I was gratified to see that Arnold is, supposedly, laying off 3,665 correctional officers and correctional employees. While I don’t wish anything bad on the employees or their families, I do feel it’s about time something like this was done and it sets the stage for releases. Not only that, but people out there seem to forget that government shouldn’t be immune to the harsh realities of rough economic times. Any business worth its salt would have laid off lots of people long ago and eradicated redundancies, unproductive workers, and unproductive positions. A normal business that is run well also takes inventories, which, I really don’t think California does in any measure. California really needs a six sigma methodology, BAD. Ask Meg Whitman, she was the CEO of eBay and is planning to run for governor, Meg said she would lay off at least 30,000 workers. Hmmm.

This is from the San Francisco Chronicle:

Lance Corcoran, a spokesman for the prison guards’ union, said the union doesn’t know how many guards will be laid off. He blasted the inmate–release proposal.

“This short-term savings is going to have long-term costs, and the costs will be measured, unfortunately, in lives,” Corcoran said. “I anticipate some incredibly sensational crime committed by an individual that should have been incarcerated.”

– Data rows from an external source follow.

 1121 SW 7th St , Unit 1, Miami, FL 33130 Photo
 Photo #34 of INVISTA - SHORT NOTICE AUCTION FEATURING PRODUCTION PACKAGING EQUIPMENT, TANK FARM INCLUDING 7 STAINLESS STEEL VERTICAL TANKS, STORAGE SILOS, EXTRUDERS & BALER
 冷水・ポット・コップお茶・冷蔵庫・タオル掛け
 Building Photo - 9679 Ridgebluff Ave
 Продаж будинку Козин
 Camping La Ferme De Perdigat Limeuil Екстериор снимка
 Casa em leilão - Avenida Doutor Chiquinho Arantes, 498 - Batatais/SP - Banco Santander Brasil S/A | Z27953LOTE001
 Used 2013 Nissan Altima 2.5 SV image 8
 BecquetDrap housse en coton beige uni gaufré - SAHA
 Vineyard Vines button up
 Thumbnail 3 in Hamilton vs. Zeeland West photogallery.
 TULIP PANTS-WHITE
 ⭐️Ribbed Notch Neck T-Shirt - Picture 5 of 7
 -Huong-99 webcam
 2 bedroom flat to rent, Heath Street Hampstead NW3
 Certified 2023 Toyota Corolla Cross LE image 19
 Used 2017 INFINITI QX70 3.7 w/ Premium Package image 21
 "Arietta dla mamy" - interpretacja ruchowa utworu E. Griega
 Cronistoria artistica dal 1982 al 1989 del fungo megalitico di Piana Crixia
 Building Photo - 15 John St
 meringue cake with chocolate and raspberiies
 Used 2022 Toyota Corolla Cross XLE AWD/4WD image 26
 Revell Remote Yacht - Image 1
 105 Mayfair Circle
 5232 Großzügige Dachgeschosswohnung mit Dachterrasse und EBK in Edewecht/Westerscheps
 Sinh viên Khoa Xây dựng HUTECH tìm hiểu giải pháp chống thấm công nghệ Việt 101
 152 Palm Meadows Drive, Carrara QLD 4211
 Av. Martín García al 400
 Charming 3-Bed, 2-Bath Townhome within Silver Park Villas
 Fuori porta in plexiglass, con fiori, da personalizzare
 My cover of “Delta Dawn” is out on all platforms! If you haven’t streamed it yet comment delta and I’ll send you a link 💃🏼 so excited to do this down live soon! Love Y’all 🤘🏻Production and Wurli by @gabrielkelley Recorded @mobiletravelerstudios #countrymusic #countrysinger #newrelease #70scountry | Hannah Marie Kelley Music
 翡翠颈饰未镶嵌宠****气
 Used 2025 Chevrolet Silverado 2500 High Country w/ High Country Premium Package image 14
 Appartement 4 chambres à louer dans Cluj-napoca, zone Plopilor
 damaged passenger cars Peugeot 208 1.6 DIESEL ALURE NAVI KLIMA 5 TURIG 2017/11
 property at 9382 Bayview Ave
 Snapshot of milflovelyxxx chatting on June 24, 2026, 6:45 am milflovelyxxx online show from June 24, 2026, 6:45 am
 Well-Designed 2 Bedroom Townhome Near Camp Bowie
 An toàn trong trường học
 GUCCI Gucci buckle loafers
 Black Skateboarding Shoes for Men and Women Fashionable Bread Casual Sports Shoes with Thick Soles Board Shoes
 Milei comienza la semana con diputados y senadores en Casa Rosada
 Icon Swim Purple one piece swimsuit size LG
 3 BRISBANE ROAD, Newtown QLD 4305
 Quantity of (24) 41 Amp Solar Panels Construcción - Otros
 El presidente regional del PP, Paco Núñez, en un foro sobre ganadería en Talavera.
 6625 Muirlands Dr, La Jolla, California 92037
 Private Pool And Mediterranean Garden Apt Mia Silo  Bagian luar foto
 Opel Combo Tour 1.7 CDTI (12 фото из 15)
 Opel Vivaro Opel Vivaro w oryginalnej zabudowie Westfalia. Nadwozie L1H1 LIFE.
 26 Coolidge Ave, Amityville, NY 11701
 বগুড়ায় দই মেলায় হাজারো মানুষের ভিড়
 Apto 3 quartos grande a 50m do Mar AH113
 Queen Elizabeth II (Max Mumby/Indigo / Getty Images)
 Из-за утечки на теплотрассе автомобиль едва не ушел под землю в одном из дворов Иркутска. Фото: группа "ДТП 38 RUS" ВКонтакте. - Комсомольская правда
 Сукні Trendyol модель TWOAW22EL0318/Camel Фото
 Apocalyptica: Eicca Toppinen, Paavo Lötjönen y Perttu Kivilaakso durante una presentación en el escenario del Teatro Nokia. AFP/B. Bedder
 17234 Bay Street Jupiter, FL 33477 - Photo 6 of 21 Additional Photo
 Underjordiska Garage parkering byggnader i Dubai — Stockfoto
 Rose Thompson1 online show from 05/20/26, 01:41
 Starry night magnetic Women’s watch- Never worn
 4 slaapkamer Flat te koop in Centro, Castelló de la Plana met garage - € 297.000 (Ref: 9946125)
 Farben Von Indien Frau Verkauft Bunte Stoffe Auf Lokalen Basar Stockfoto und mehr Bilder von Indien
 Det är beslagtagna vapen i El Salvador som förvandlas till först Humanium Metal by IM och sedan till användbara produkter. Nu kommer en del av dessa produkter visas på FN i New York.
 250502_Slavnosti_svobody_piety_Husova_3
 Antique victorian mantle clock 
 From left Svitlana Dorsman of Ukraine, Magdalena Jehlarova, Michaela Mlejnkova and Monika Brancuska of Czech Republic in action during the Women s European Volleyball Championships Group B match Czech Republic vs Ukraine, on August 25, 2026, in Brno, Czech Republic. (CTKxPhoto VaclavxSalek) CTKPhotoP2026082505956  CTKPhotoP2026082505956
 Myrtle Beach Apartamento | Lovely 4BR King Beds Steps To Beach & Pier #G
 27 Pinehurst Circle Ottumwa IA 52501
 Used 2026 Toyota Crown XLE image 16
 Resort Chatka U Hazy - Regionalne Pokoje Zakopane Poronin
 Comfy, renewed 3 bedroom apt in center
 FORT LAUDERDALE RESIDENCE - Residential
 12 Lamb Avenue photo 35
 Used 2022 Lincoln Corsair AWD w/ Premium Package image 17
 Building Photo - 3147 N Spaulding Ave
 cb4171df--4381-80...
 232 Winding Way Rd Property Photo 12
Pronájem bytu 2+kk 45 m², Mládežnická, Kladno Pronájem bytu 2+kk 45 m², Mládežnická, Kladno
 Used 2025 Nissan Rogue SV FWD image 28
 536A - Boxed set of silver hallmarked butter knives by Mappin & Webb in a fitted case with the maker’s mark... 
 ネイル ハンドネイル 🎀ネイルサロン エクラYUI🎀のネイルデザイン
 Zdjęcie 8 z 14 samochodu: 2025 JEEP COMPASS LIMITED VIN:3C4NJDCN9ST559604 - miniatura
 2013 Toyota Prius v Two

I understand that it’s Corcoran’s job to ridicule anything the California Correctional Peace Officers Association sees as a threat to its ability to protect union members and their jobs, but I think it’s really funny that he’s saying that some sort of sensational crime will be the result of releases. Corcoran seems to think that the general public is so naïve (or are they?) as to not realize that any person being released is going to get out anyway!

The fact that a person was released early has absolutely nothing to do with whether or not he or she commits another crime, sensational or not. Obviously another scare tactic perpetuated by the CCPOA with no counter point to Corcoran’s assertion offered by the Chronicle — imagine that. (And why is it that the mainstream news media always seems to quote the CCPOA on prison issues — but rarely talks to, say, prisoners rights groups, or anyone else, for the other side of the story?)